Young Louie Zamperini is the troublemaker of Torrance, California, stealing food, running like hell, and dreaming of hopping on a train and leaving town for good. His beloved older brother, Pete, manages to turn his life around, though, translating Louie's love of running from the law into a passion for track and field. Louie breaks high school records, goes to the Olympic Games in Berlin in 1936, and trains to beat the four-minute-mile.

His running career is put on hold when the Second World War breaks out. Louie enlists in the army air corps and becomes a bombardier. He and his crew, including pilot "Phil" Phillips, have a harrowing air battle in their plane, the Super Man. But Phil's pilot skills and Louie's ingenuity enables them to land the plane, even though it's riddled with over five hundred bullet holes.

With the Super Man succumbed to its kryptonite, the men are transferred to the Green Hornet—a less-reliable plane, the Hornet is shot down over the Pacific. Only three men survive: Louie, Phil, and Mac. Phil wrestles with his guilt about crashing, Mac kind of goes nuts, and Louie wrestles a shark from the ocean with his bare hands and eats its liver. (We are not making that up.) Unfortunately, Mac dies at sea.

Louie and Phil survive for forty-six days, but only to be captured by the Japanese and holed away in a terrible POW camp. The men are shuffled from camp to camp, each one almost worse than the last, until the war ends. Louie survives, despite being pursued by a sadistic guard nicknamed the Bird, punched over two hundred times, and forced to clean a pigsty with his bare hands.

Back home, Louie reunites with his family and marries his love-at-first-sight: Cynthia.
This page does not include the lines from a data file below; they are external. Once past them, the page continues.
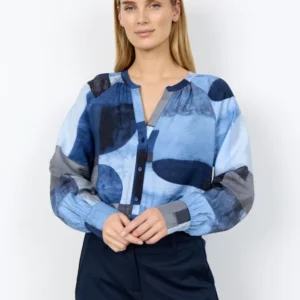 SC-CATANIA 2 Bluse Lyseblå | WAAS | Bluetooth Xs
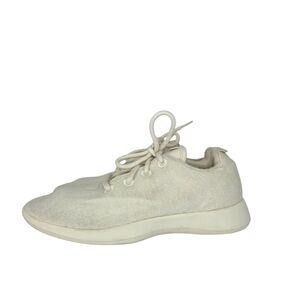 Allbirds Wool Runners Women's Cream Comfort Sneakers Low Top Lace Up Size 10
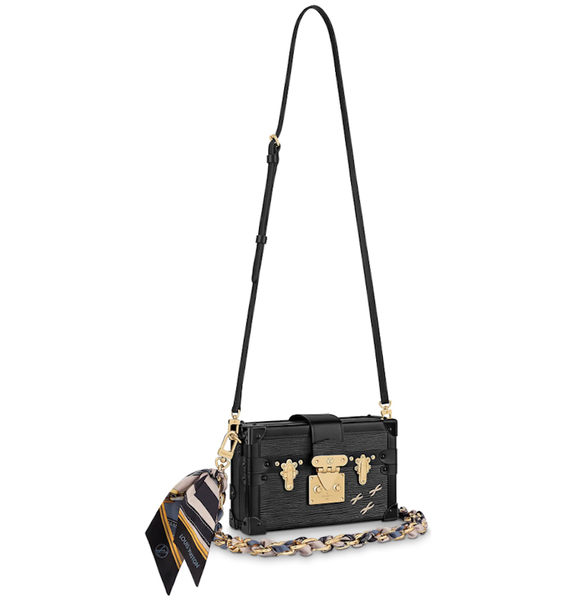  Túi Nữ Louis Vuitton Petite Malle Epi 'Black' 
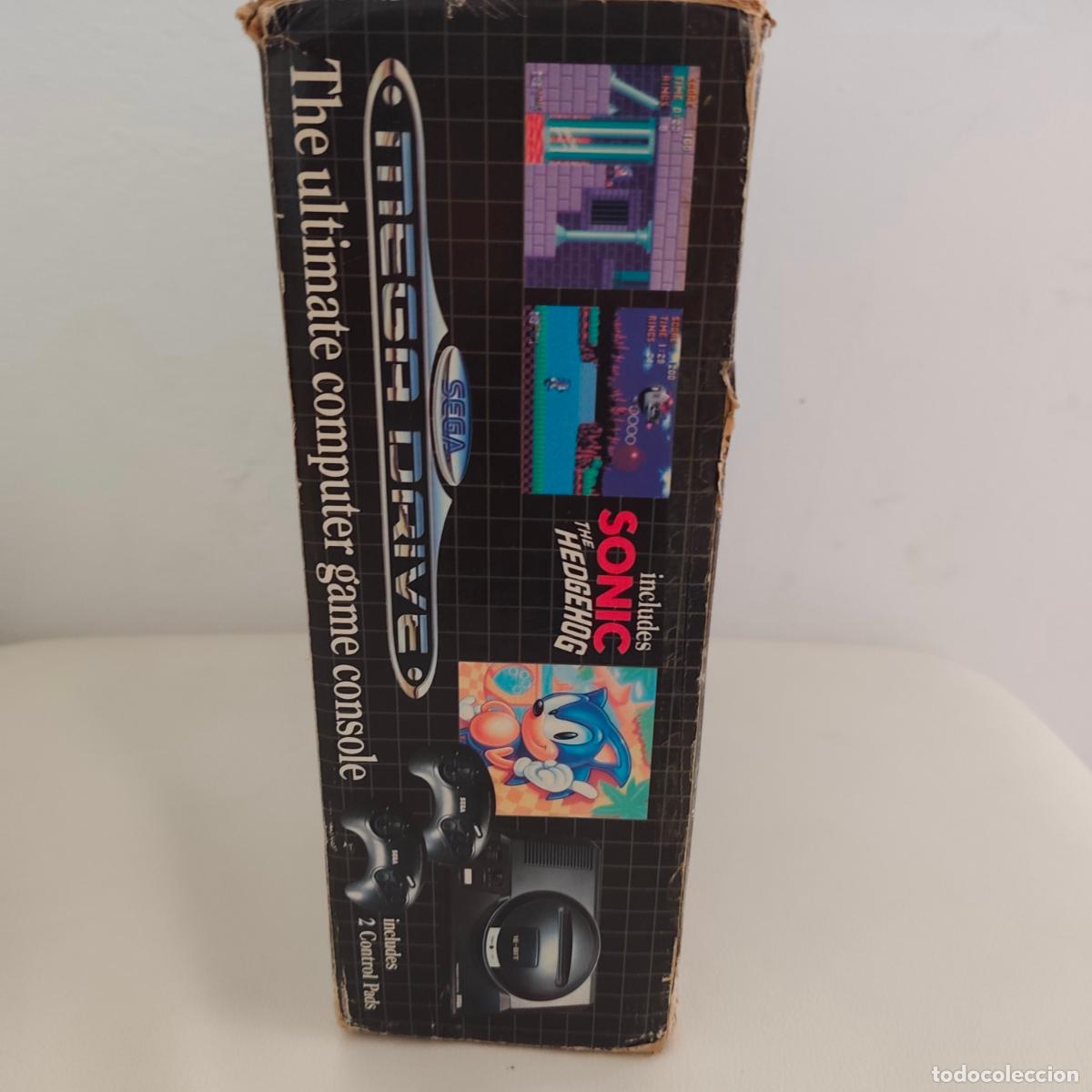 Videojuegos y consolas: Consola Sega mega Drive 1 en caja funcionando - Foto 6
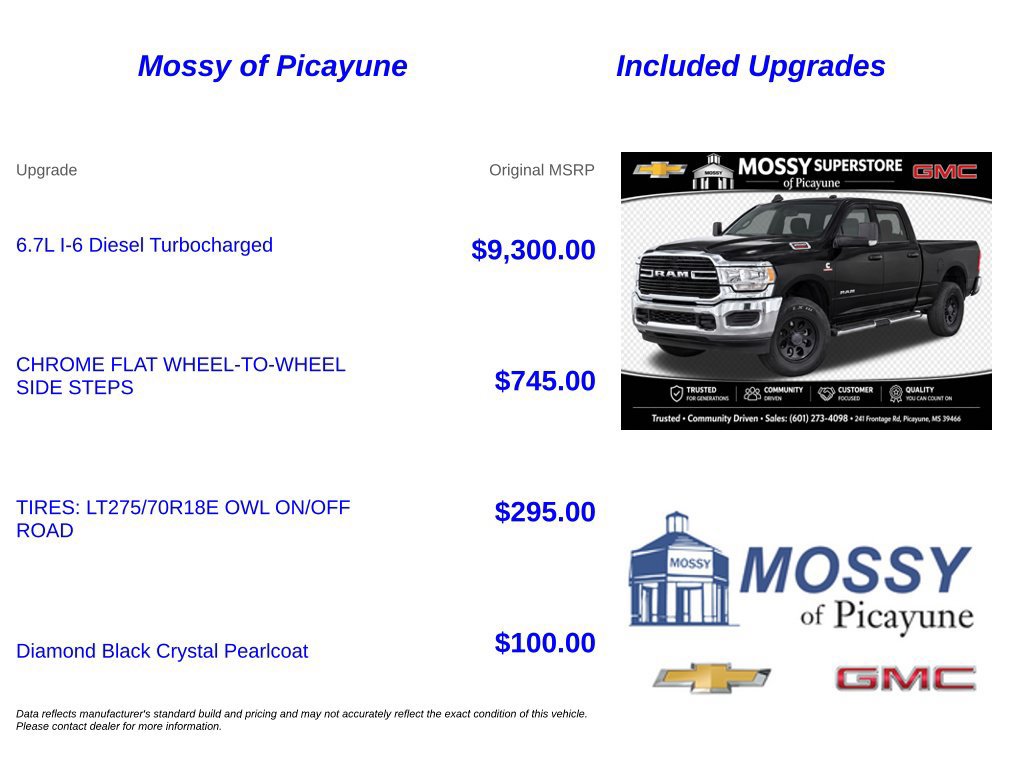 Used 2020 RAM 2500 Big Horn AWD/4WD image 7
They have a daughter and, well, a drinking problem. Louie is haunted by the horrors of war and turns to alcohol to forget. He is directionless, unable to run or find a new career; he dreams of going to Japan and killing the Bird. The newlyweds' life reaches a low point when Cynthia catches Louie shaking the baby. She files for divorce.

Cynthia changes her mind when Billy Graham (yes, the Billy Graham) comes to town. She manages to convince Louie to attend one of his tent preaching sessions. Louie remembers a bargain he made with God while on the raft, and the relative peace he felt that day at sea. Finding faith enables him to quit drinking and become a motivational speaker.

Years later, Louie forgives all the men who wronged him during the war. When it turns out that the Bird is still alive, Louie hopes to meet the man and forgive him in person—the Bird refuses, but Louie sends him a letter. In 1998, Louie carries the Olympic torch past Naoetsu, where he was once imprisoned, and he puts his dark past behind him.